The government has previously confirmed that employees who are furloughed may be able to seek alternative employment – including on British farms that are facing a major shortfall in migrant labour because of movement restrictions.
Furlough scheme opens
The government’s furlough scheme is now open for applications – employers can get help on how to claim online.
To claim, an employer must have:
- Created and started a PAYE payroll scheme on or before 19 March 2020
- Enrolled for PAYE online
- Have a UK bank account
Employers will need their Government Gateway user ID and the password received when registering for PAYE online.
Any entity with a UK payroll can apply, including businesses, charities, recruitment agencies and public authorities.
Apprentices can be furloughed in the same way as other employees and they can continue to train while furloughed.
Last week, the government also agreed to extend its Coronavirus Job Retention Scheme until the end of June – a month longer than was originally announced.
The scheme, which allows businesses to furlough employees with the government paying 80% of their wages up to a maximum of £2,500, was originally open for three months and backdated from 1 March to the end of May.

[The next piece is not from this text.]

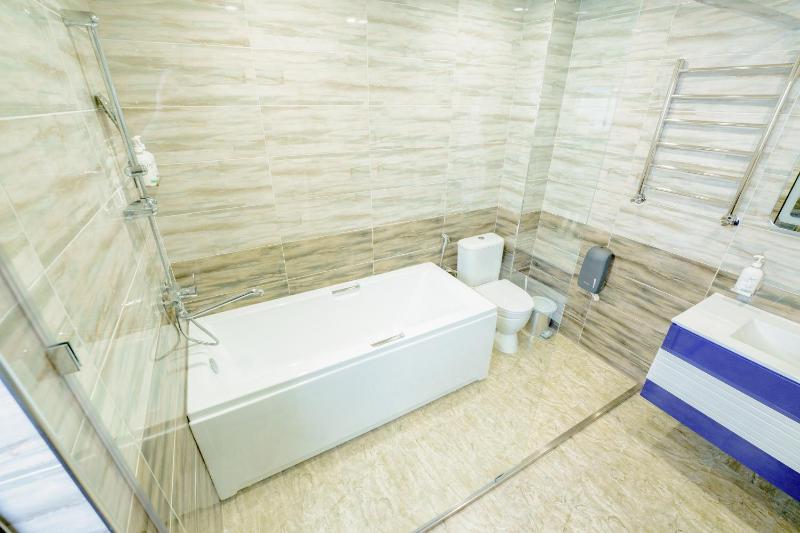 Deluxe Suite image 1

But chancellor Rishi Sunak has extended this by a month following the government’s decision to extend lockdown by another three weeks.
Joe Spencer, partner in accountancy firm MHA MacIntyre Hudson, pointed out that farmers need to be mindful that furloughed staff may have to return to their jobs sooner than farmers would like.
“Furloughed employees may have to return to their original jobs before the end of the picking season in September,” he said.
“Taking on new workers who require considerable training may therefore not be cost-effective.
“The best solution is probably to hire workers with strong transferable skills, such as manufacturing plant workers, where the nature of their current work stands them in good stead for fruit picking.”
Mr Spencer also highlighted the importance of checking that furloughed workers are not in breach of their contract by seeking alternative work.
The government guidance is that workers may undertake other employment while placed on furlough “if your contract allows”.
According to the Chartered Institute of Personnel and Development (CIPD), the independent professional body for HR workers, in many employment contracts there is either an express or implied term that the employee should not work elsewhere, so workers could be in breach of contract if they do apply for another job.
The CIPD suggests the safest course of action is for the original employer to agree in writing with the employee the nature and length of any other work that may be done while furloughed.
This will be helpful to a new employer who has a duty to complete a new starter checklist for HMRC, part of which – statement C – must be completed to say if the employee has another job.
The government’s online portal to enable employers to claim the cash grant which will fund wages for furloughed workers is now open.
Contract issues when furloughing
Government guidance states that employers must confirm in writing to their employee that they have been furloughed and a record of this communication must be kept for five years.
According to CIPD, if there is no lay off provision in their existing contract the employer will need to agree with the employee that they are going to become furloughed because no work is available.
Most employees will agree to this as the alternative is dismissal by reason of redundancy (with the possibility of a delayed redundancy payment or no redundancy payment for employees who have worked for less than two years).
As normal employment laws apply when furloughing employees, equality and discrimination laws will apply.
It may help to select employees for furlough using a process like redundancy selection – for example, using objective criteria, such as a scores matrix based on skills, productivity and previous appraisals.